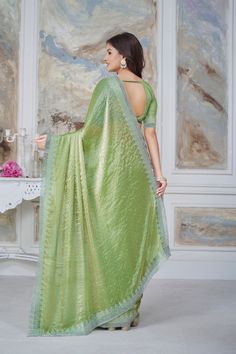 Dolly Organza Stone Cut Work Saree Premium quality fabric Enhanced with stone embroidery work. Comes with unstitch blouse fabric High quality fabric and stitching. Introducing the Dolly Saree, crafted from delicate Organza fabric and adorned with intricate stone cut work. The perfect blend of elegance and artistry, this saree is sure to make a statement. Semi-stitched Chinon Traditional Wear With Resham Embroidery, Pista Green Dola Silk Sets With Zari Work, Pista Green Dola Silk Sharara With Zari Work, Unstitched Dola Silk Sharara With Zari Work, Pista Green Sets With Zari Work, Dola Silk Saree Set With Zari Work, Pista Green Georgette Sets With Zari Work, Unstitched Pista Green Chanderi Lehenga, Pista Green Blouse Piece With Resham Embroidery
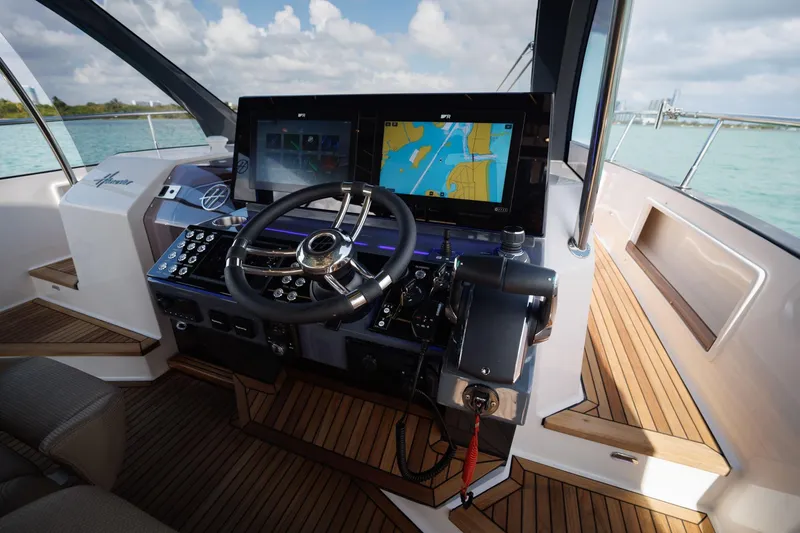 Slide: The Image of Helm of 2026 Hanover 447 yacht with advanced navigation system and sleek design. - 34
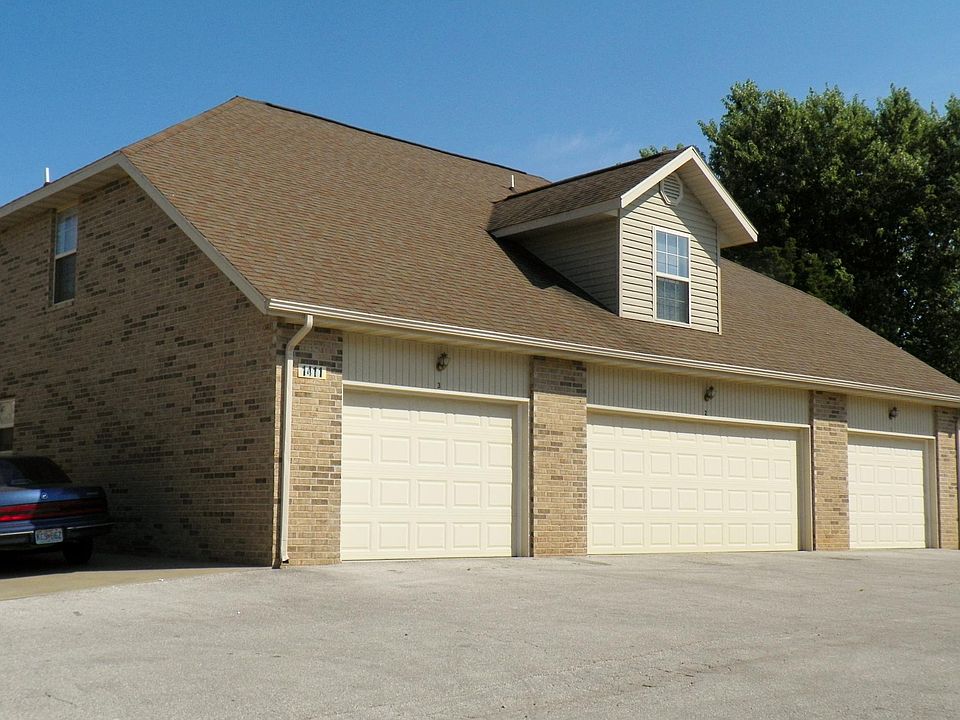 One car garage and an assigned parking space by the building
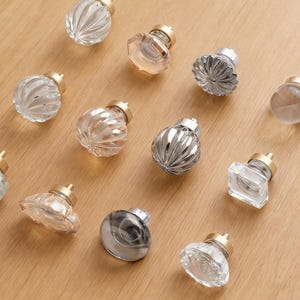 May include: A collection of decorative glass knobs with brass-coloured bases. The knobs display diverse shapes, such as ribbed, faceted, and spherical designs. The glass is clear, frosted, and tinted, providing a variety of textures. They are arranged on a light-coloured wooden surface.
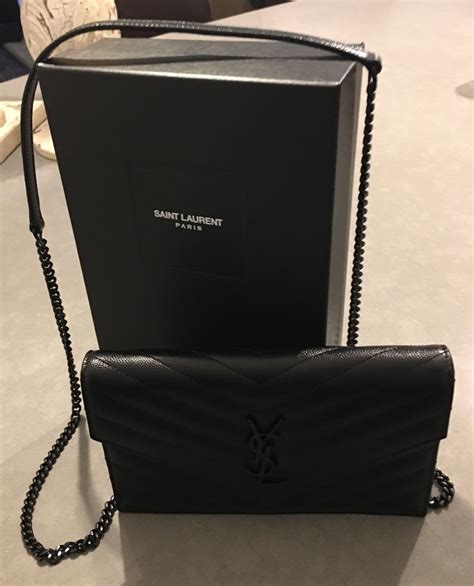 how can you tell if a ysl wallet is real|ysl wallet on chain.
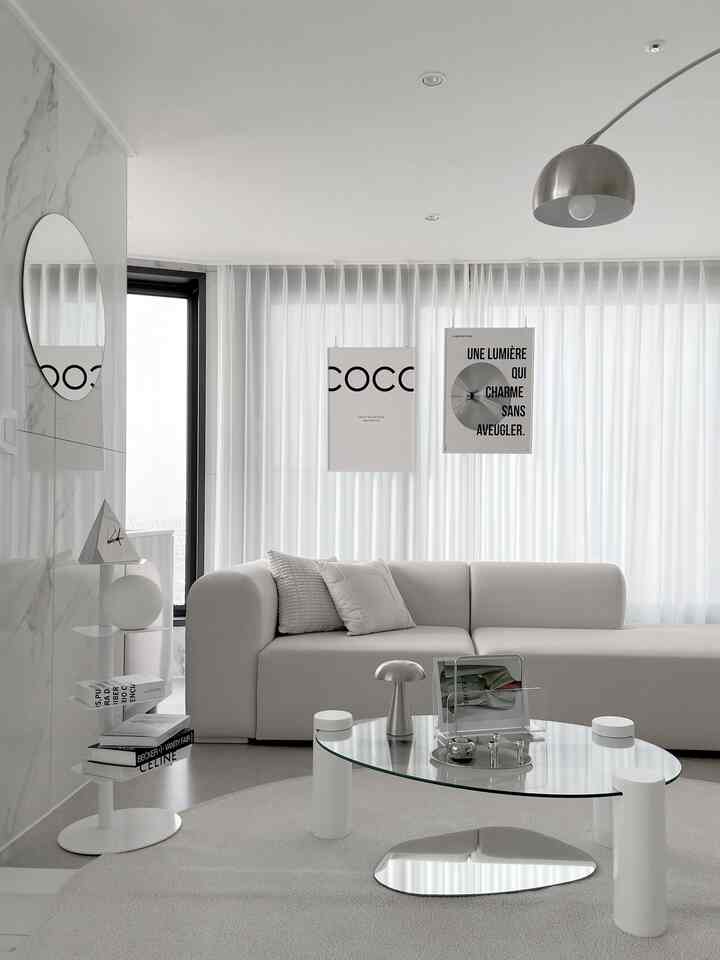 白とシルバーの色調のリビング、モジュールソファとガラスのコーヒーテーブル、額縁やメタル照明が配置されたシンプルでモダンなインテリア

______

> _WHAT YOU HAVE TO DO_: For every record above, repeat the text exactly and omit any picture.

> _EXERCISE RESULT_:
 Dolly Organza Stone Cut Work Saree Premium quality fabric Enhanced with stone embroidery work. Comes with unstitch blouse fabric High quality fabric and stitching. Introducing the Dolly Saree, crafted from delicate Organza fabric and adorned with intricate stone cut work. The perfect blend of elegance and artistry, this saree is sure to make a statement. Semi-stitched Chinon Traditional Wear With Resham Embroidery, Pista Green Dola Silk Sets With Zari Work, Pista Green Dola Silk Sharara With Zari Work, Unstitched Dola Silk Sharara With Zari Work, Pista Green Sets With Zari Work, Dola Silk Saree Set With Zari Work, Pista Green Georgette Sets With Zari Work, Unstitched Pista Green Chanderi Lehenga, Pista Green Blouse Piece With Resham Embroidery
 Slide: The Image of Helm of 2026 Hanover 447 yacht with advanced navigation system and sleek design. - 34
 One car garage and an assigned parking space by the building
 May include: A collection of decorative glass knobs with brass-coloured bases. The knobs display diverse shapes, such as ribbed, faceted, and spherical designs. The glass is clear, frosted, and tinted, providing a variety of textures. They are arranged on a light-coloured wooden surface.
 how can you tell if a ysl wallet is real|ysl wallet on chain.
 白とシルバーの色調のリビング、モジュールソファとガラスのコーヒーテーブル、額縁やメタル照明が配置されたシンプルでモダンなインテリア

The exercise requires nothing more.